Saturday, February 04, 2012

As you wish...

Each season comes with its ups and downs, and for a long season I had experienced a pretty joyful season. I was hungry for God, and finding strength for the journey from what I thought was a calling on my life. Then, everything changed.

In the middle of December 2011, I was helping a friend with CD sales at concerts for his holiday group of musician friends, called SimpleGifts. I was thrilled to be having so much fun meeting people, talking about the music that I love, and just being around really great people.

I love the group so much, I planned some time away from work to travel around the Twin Cities with them for a week before Christmas. We started that week with a concert at my home church and I invited family to see the show. My mom & kids enjoyed the show immensely that night - and then the kids went home with her to spend the night as they had so many times before. I went out with friends that night and then home to rest. The next morning would be the beginning of the end.

My mom was scheduled to call me at 6:30am as she did every morning for accountability of her diabetes control. She didn't call, and as I called her - my daughter answered the phone and said "Grandma isn't waking up." Those words weren't unfamiliar to me, as she had had episodes of low blood sugar before. I woke my husband to come with me, in case he needed to attend to the kids, and without a shower or so much as a toothbrush, we rushed out of the house and drove 15 minutes.  As my husband and I arrived at my mom's house, walked upstairs to see her still asleep, I checked her blood sugar. If it was low, I'd know what to do. Get her some juice, a little something to eat, and get her back up to normal for the day. When the glucose monitor registered a high number, my heart sank. I couldn't fix this. I called 9-1-1.

I called my brother to meet us at the hospital, and he and his wife and I sat outside the ER waiting for some idea of what was going on. CT scan had shown she had a cranial bleed.  It wasn't an aneurysm, instead a hemorrhagic stroke. Funny, she was taking one aspirin a day and medication to control cholesterol so that she wouldn't get a clot - and she instead had a bleed. This bleed was so significant that the neurosurgeon told us there was nothing he could do. So, we waited with hope that she would awake and we could talk to her and tell her what was going on. Something in my spirit feared that this was the beginning of the end. The next decisions we had to make as we moved from the ER to ICU and to a regular neuro floor in the hospital were extremely difficult, but my brother and I felt we were on the same page, because Mom often talked about her wishes in these types of circumstances. In fact, I helped her to craft a healthcare directive (living will) and she had it notarized just earlier in the year.

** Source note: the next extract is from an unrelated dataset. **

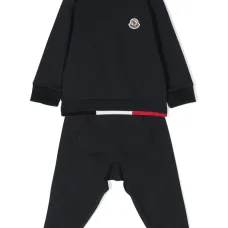 Спортивный костюм с нашивкой-логотипом Спортивный костюм с нашивкой-логотипом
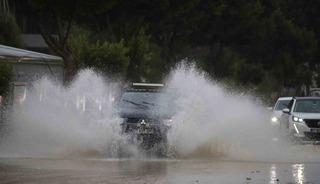 Antalya&rsquo;da şiddetli yağış hayatı olumsuz etkiledi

My takeaway from this part of my journey with my mom's illness...take the time to talk with your loved ones about the difficult decisions they might have to make on your behalf. My mom was prepared. I was prepared. And, my brother and I were able to make the life and death decisions for her that honored who she was and what she wanted. This is my vow for my family. In the next year, I will take the time to write out and have notarized a MN Healthcare Directive. I will share it with my medical clinic and doctor, and will more importantly share it with my loved ones. This is a gift I will give to them, and then schedule to revisit and update it every couple of years.